創造と環境

コピーライター西尾忠久による1960年〜70年代アメリカ広告のアーカイブ

An interview with Miss Judy Protas (2)

Doyle Dane Bernbach Inc.
Vice-president, Copy Supervisor


chuukyuu While you kept writing for Ohrbach's, how many different teammate art directors did you have?


Protas Well, not too many different ones. I'd say there were probably four altogether. Charlie Piccirillo, who is back on the account now, worked with me for a while. So did Gary Geyer.


chuukyuu When you have a new art director to work with, do you somewhat change your way of doing things to suit him?


Protas I work with an art director as a friend. And as a laughing companion in fact. I've found it's important to laugh as much as you worry in doing ads.
Charlie and I had a marvelous time together. Gary and I had perhaps less laughter and more work as the account grew more complex, but we still had a lot of fun. I've never had a problem in this change of art directors. A lot of the credit I give to them, of course; but in general, if you're mature enough, and if you understand people enough, you can adapt. It really doesn't matter what the personalities are as long as there is some kind of mental rapport. There's a kind of happy challenge, in fact, in adjusting to a new combination of talent and temperament.


chuukyuu Please describe in detail how you proceed in your teamwork with the art director?

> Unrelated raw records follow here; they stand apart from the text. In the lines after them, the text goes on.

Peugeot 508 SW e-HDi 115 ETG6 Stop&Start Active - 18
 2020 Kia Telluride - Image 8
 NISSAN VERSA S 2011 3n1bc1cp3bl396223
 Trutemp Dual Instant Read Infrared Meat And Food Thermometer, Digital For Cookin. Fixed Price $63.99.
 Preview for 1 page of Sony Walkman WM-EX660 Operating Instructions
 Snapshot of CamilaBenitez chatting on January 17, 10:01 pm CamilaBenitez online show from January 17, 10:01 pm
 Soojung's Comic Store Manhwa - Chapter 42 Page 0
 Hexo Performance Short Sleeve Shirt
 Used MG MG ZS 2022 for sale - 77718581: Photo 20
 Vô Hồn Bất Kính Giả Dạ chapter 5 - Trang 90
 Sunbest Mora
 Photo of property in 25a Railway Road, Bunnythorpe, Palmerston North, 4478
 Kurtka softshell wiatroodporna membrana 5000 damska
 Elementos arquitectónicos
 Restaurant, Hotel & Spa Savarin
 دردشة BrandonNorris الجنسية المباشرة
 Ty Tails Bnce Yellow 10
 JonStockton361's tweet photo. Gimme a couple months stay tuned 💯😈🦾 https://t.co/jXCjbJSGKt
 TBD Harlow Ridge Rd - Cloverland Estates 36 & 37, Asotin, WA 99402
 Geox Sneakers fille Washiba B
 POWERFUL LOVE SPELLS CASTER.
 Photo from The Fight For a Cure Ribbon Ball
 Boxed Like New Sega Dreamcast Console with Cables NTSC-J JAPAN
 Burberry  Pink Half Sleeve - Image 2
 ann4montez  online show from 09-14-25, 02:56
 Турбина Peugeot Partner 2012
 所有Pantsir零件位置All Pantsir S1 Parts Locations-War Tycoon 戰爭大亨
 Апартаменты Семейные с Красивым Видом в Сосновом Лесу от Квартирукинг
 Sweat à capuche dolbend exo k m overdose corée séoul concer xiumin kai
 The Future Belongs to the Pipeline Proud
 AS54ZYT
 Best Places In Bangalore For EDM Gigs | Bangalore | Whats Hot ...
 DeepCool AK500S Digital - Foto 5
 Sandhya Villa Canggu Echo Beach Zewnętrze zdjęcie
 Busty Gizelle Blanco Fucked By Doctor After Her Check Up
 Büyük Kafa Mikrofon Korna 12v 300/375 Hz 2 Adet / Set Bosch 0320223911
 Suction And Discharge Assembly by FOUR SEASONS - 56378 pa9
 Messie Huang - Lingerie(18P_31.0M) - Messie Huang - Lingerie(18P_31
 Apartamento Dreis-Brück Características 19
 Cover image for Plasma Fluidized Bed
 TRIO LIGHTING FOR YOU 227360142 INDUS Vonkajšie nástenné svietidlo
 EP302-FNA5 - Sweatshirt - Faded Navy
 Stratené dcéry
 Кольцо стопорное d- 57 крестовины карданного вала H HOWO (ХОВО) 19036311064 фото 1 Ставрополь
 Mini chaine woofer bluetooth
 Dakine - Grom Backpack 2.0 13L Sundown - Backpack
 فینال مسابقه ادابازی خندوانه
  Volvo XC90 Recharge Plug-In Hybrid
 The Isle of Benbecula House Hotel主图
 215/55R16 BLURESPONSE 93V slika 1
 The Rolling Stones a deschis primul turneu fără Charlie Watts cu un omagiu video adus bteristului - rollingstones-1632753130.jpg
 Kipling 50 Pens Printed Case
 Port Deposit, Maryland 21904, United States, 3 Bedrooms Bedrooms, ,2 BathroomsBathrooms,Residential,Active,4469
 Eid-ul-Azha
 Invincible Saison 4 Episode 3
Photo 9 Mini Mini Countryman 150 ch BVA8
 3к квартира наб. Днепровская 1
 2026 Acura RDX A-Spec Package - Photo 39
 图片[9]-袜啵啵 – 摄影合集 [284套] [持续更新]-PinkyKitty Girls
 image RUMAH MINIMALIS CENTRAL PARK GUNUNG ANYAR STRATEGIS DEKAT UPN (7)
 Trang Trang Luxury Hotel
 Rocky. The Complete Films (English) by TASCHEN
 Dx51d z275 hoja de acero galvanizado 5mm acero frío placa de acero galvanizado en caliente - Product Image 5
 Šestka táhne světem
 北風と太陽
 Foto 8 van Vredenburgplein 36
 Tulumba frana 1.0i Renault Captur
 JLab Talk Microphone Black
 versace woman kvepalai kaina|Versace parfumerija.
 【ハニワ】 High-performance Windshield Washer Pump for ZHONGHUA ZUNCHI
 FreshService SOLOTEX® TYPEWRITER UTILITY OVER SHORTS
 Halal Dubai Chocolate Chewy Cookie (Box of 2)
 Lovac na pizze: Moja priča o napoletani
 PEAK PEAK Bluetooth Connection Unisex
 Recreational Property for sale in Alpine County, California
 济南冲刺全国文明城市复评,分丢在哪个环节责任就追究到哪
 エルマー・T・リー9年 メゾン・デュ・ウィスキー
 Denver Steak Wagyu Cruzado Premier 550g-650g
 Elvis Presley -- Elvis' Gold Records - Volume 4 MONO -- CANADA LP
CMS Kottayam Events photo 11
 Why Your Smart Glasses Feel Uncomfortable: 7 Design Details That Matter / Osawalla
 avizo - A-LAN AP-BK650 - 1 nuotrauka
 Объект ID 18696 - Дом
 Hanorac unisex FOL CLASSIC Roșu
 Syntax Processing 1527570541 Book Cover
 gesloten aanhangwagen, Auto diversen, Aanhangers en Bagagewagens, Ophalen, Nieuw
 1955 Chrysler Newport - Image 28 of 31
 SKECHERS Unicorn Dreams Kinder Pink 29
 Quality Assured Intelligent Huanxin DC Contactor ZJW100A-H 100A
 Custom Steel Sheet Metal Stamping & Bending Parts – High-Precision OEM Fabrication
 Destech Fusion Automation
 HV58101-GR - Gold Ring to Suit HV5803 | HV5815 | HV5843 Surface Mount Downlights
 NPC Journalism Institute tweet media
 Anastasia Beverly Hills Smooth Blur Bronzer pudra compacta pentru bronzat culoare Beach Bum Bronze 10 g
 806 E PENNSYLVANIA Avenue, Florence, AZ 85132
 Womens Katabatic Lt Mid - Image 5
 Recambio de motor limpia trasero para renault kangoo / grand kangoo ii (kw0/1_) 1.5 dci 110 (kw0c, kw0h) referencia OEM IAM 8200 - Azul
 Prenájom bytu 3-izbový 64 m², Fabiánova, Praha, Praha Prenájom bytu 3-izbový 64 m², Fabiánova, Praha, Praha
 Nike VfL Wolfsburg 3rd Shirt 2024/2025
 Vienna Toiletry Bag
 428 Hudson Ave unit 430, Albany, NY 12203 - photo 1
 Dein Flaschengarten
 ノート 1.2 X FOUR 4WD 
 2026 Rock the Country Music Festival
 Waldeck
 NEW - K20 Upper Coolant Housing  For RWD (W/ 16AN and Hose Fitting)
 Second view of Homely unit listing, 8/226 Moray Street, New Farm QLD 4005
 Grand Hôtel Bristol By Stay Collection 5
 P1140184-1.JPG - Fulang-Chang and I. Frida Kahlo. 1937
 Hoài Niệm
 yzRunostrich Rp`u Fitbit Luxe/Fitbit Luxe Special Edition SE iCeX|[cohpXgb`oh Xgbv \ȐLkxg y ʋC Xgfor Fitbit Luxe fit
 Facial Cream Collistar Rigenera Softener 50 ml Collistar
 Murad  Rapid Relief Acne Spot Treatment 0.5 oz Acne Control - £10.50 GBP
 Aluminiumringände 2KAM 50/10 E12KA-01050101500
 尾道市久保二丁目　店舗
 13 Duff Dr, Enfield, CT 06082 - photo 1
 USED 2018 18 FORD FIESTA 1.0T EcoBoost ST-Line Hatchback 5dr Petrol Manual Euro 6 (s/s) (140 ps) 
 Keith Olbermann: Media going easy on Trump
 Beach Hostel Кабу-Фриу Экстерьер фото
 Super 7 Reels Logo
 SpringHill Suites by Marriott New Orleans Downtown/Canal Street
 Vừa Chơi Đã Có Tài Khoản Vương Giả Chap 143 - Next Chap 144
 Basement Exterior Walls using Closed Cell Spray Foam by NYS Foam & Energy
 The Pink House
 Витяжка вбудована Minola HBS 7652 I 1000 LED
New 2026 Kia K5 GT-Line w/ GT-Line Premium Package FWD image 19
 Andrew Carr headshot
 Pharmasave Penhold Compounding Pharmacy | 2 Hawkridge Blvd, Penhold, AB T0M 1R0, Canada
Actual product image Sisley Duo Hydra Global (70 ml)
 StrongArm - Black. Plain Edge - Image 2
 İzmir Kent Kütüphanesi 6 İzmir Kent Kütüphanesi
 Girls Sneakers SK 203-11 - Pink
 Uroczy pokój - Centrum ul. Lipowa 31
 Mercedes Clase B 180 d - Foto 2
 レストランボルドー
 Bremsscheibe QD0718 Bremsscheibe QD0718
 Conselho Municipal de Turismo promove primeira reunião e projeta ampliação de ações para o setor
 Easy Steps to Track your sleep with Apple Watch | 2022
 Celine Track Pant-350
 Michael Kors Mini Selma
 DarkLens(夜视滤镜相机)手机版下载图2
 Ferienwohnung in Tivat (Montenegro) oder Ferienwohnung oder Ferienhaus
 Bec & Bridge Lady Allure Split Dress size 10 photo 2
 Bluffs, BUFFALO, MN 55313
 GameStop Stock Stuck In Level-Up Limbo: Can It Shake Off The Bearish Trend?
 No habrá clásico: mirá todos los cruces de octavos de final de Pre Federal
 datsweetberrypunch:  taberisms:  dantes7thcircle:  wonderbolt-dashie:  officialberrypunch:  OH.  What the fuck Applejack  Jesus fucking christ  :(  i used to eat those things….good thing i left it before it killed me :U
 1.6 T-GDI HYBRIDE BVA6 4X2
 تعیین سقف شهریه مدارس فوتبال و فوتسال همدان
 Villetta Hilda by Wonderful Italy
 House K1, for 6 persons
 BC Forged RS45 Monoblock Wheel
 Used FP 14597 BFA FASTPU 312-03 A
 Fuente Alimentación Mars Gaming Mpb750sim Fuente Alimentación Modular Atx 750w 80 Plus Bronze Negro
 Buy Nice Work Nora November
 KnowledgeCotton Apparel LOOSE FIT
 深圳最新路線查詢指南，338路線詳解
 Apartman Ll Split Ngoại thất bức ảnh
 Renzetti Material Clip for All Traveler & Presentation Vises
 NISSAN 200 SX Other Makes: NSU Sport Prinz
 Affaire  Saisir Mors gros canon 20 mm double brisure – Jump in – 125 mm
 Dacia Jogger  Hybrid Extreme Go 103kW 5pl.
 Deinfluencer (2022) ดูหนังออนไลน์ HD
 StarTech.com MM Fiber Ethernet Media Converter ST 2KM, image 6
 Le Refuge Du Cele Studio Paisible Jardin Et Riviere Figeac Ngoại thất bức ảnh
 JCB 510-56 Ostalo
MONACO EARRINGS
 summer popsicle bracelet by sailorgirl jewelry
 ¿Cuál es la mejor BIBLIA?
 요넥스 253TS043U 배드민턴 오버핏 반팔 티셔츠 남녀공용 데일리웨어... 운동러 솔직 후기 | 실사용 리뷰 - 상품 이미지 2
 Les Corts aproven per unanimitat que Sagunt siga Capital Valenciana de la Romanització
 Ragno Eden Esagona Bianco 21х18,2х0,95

Protas The teamwork with the art director, I think, is paramount. That's probably true for most of the people around here. The first thing you and the art director do when you get a requisition is to look at each other and say, "My God, we'll never get it." After that you sit and you come up with some that you think are perhaps O. K. You look at them the next morning and you think, "How could I have liked. that? It's awful!" And you keep going until something happens. There really isn't much difference, I shouldn't think, in the way most-of us work. What the best teams have is the good sense to do what has to' be done first: get the story. Digging for the facts, for background. And I'll never do that alone. A friend of mine at another agency recently said, "I took my art director to a client meeting today." It was obvious he had condescended to do something different. I will never, as a copywriter, go off to the client to get the story and bring it back and feed it to the art director. The art director is 50% of the muscle; a good art director is as apt to come up with a smash headline as a good writer is to come up with a visual. As a team we go off together to dig out the facts. And we want everything. You've got to get aheadful of information: the background, the client's thinking, the feeling he has for his product, every last little thing he can tell you. A client will sometimes answer aquestion with "You don't have to know that. You're not going to put it in the ad." Not true. We have to know everything, whether it goes in the ad or not. It's all part of the texture of the problem we're working on. Anything and everything may feed into the final idea. As a matter of fact, the client may trigger an ad without even realizing it. Clients, I've found, must be encouraged not to censor the material they give us. Most of the time, of course, they understand this; in fact, you sometimes have a problem turning the faucet' off once you've turned it on.